▶ Exercise description: Without the pictures, restate all of the data below word for word.

▶ Input data:
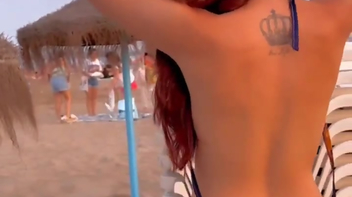 Cibelly Ferreira topless na praia exibindo os peitos grandes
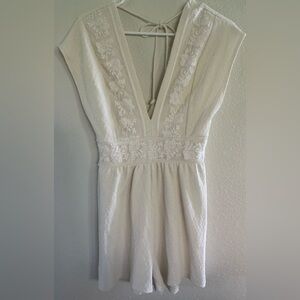 Zara Elegant off White Lace embroidered open back short Romper size M
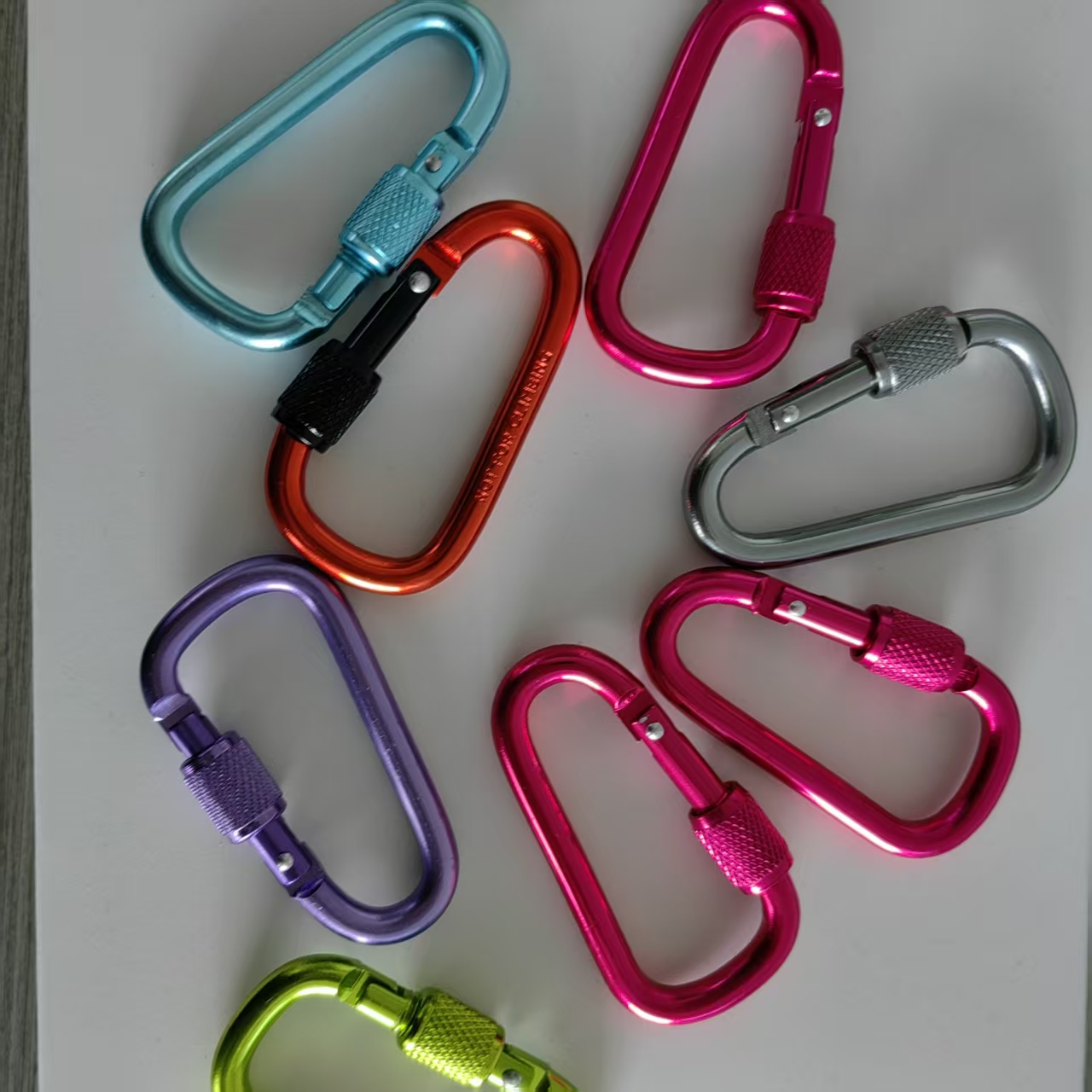 Heavy Duty Aluminum D‑Shaped L - Carabiner Locking D のレビューと価格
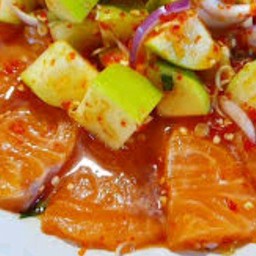 ยำแซลมอนแอปเปิ้ลซีฟู้ด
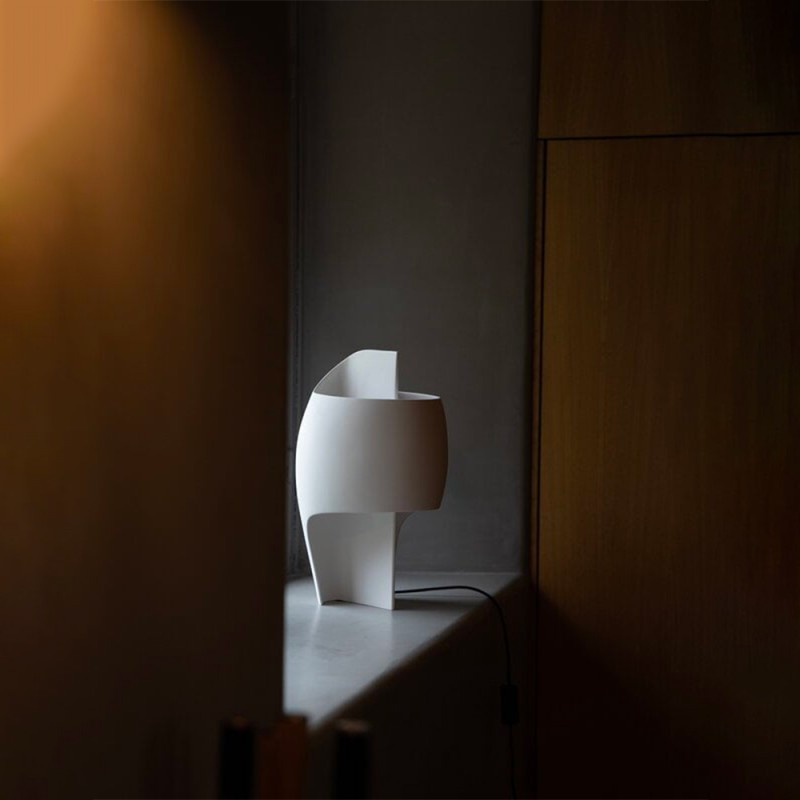 https://objectstorage.ap-seoul-1.oraclecloud.com/n/cnk6gaix2gpw/b/loqoqo-conv/o/dcw/la-lampe-b-table-lamp/116311.jpg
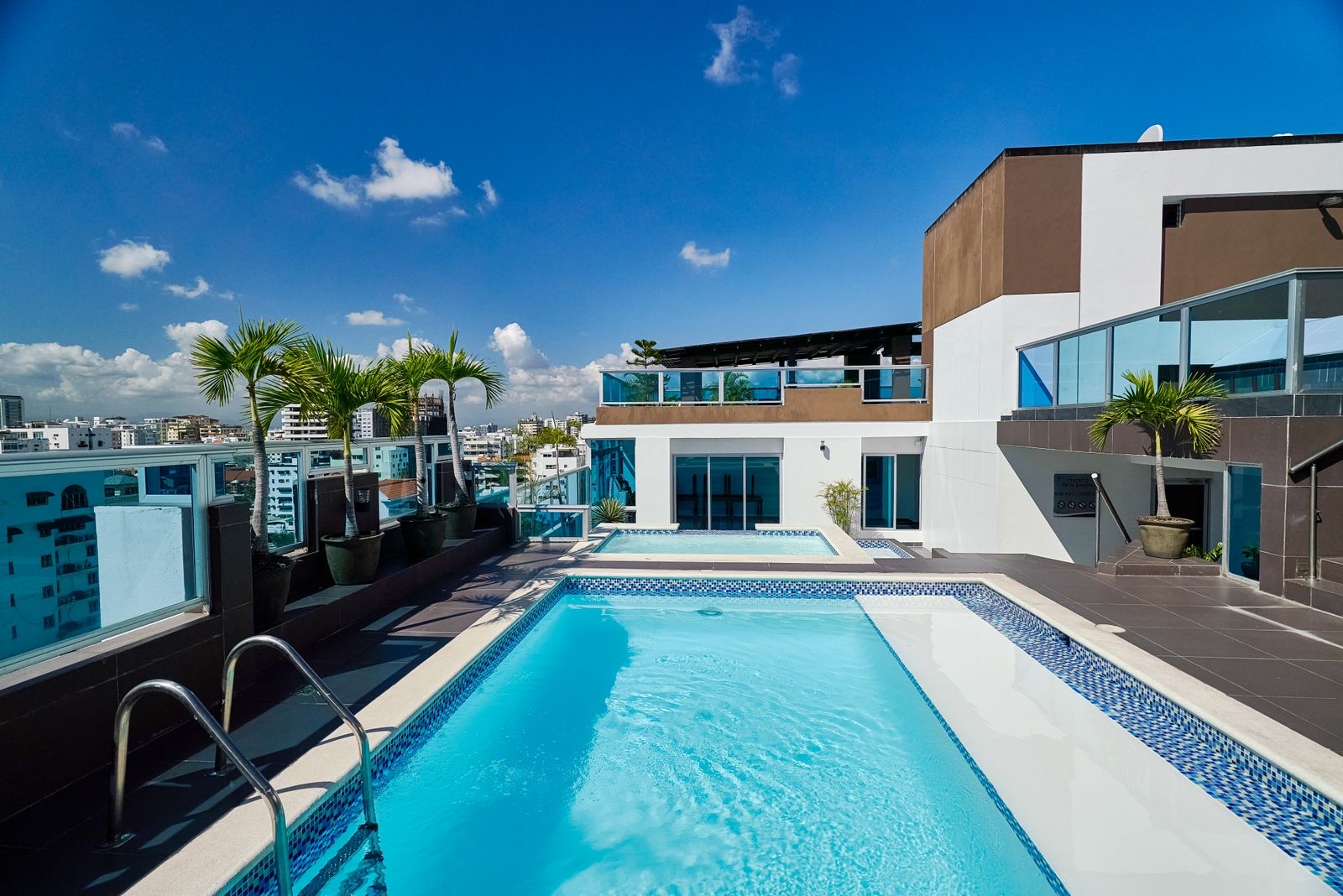 apartamentos - Vendo Apto Amueblado en Bella Vista Torre Familiar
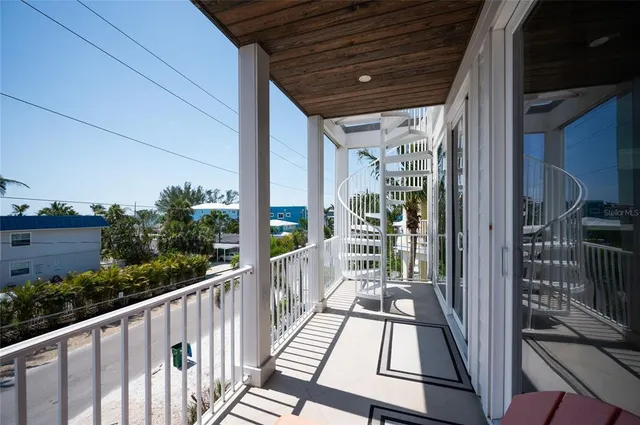 $3,200,000 | 2201 Avenue C, Bradenton Beach, FL 34217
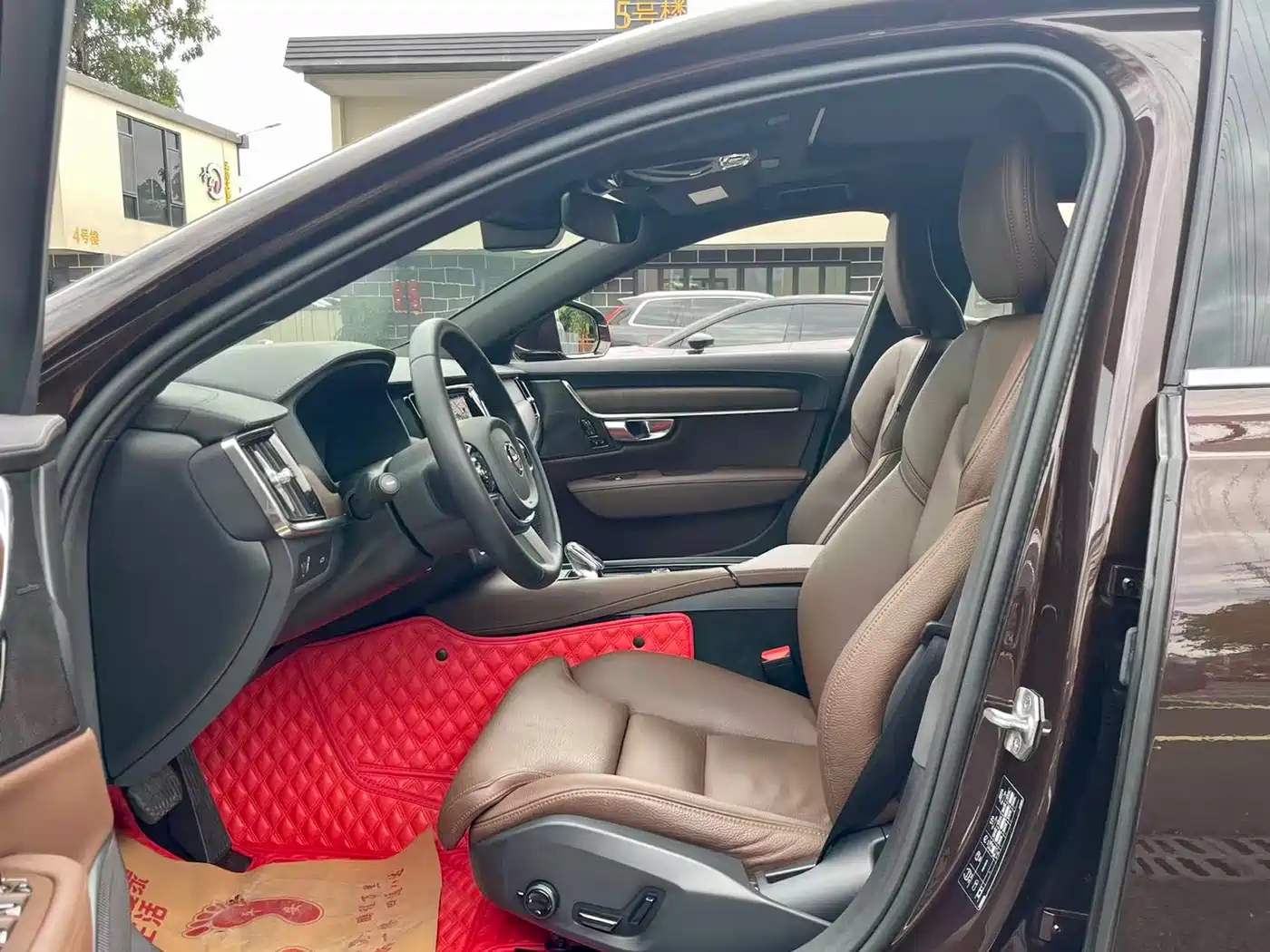 Volvo S90 2021 Model B5 Inscription Luxury Edition фото 11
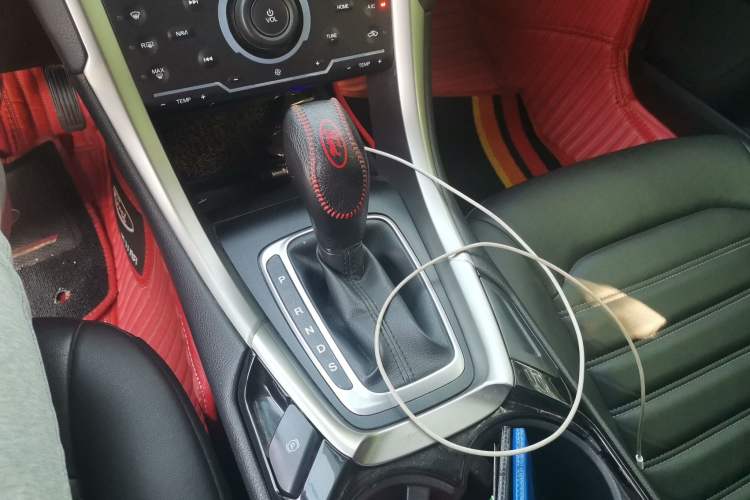 Used Ford Mondeo 2013 2.0L GTDi 200 Fashion Edition Gear Lever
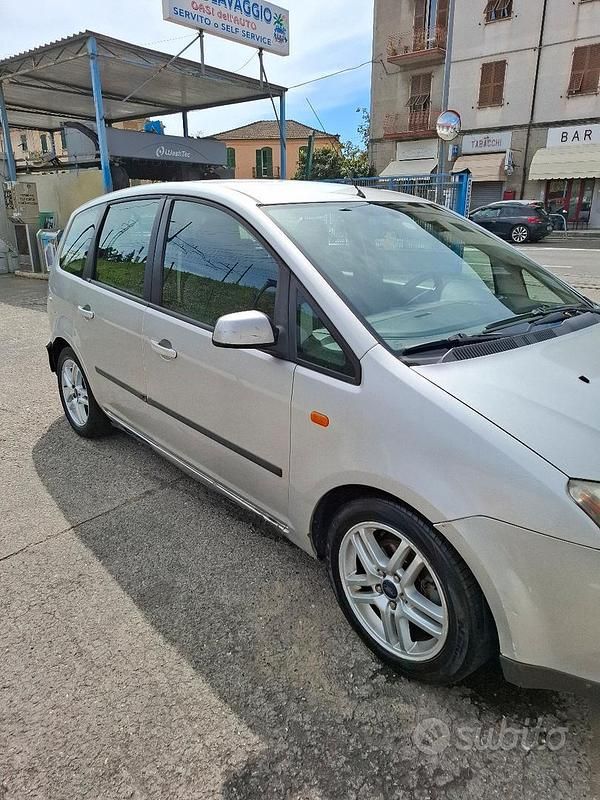 Usata Ford Focus 90 CV (66 kW) 2005 Grigio Monovolume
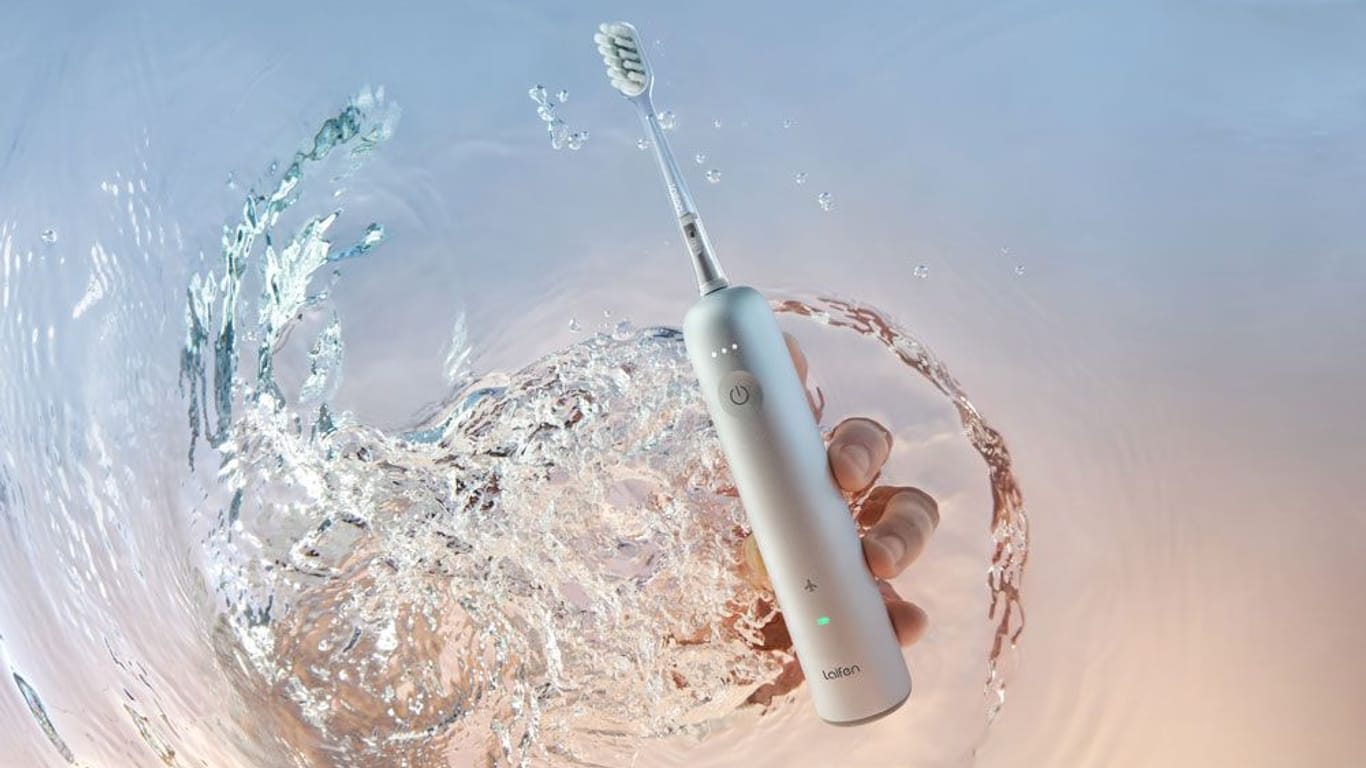 Stylisch und wasserdicht: Das Griffstück der elektrischen Zahnbürste Laifen Wave wurde aus einem Guss gefertigt.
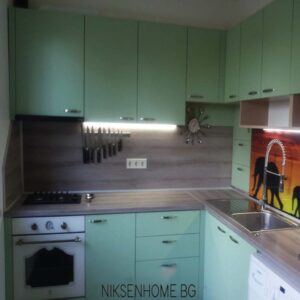 Сафари - модерна кухня в зелен цвят и принт стъкло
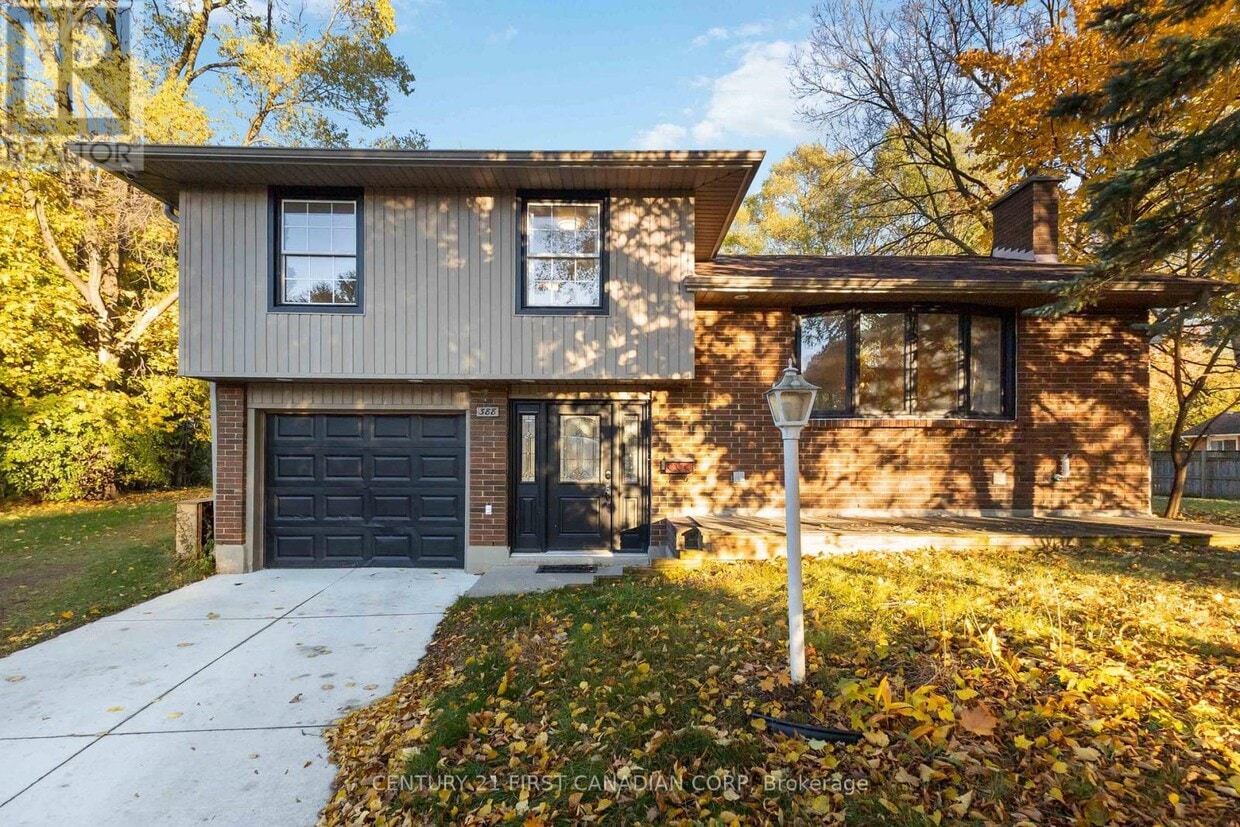 Photo principale - 388 Fuller Pl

▶ Solution below:
 Cibelly Ferreira topless na praia exibindo os peitos grandes
 Zara Elegant off White Lace embroidered open back short Romper size M
 Heavy Duty Aluminum D‑Shaped L - Carabiner Locking D のレビューと価格
 ยำแซลมอนแอปเปิ้ลซีฟู้ด
 https://objectstorage.ap-seoul-1.oraclecloud.com/n/cnk6gaix2gpw/b/loqoqo-conv/o/dcw/la-lampe-b-table-lamp/116311.jpg
 apartamentos - Vendo Apto Amueblado en Bella Vista Torre Familiar
 $3,200,000 | 2201 Avenue C, Bradenton Beach, FL 34217
 Volvo S90 2021 Model B5 Inscription Luxury Edition фото 11
 Used Ford Mondeo 2013 2.0L GTDi 200 Fashion Edition Gear Lever
 Usata Ford Focus 90 CV (66 kW) 2005 Grigio Monovolume
 Stylisch und wasserdicht: Das Griffstück der elektrischen Zahnbürste Laifen Wave wurde aus einem Guss gefertigt.
 Сафари - модерна кухня в зелен цвят и принт стъкло
 Photo principale - 388 Fuller Pl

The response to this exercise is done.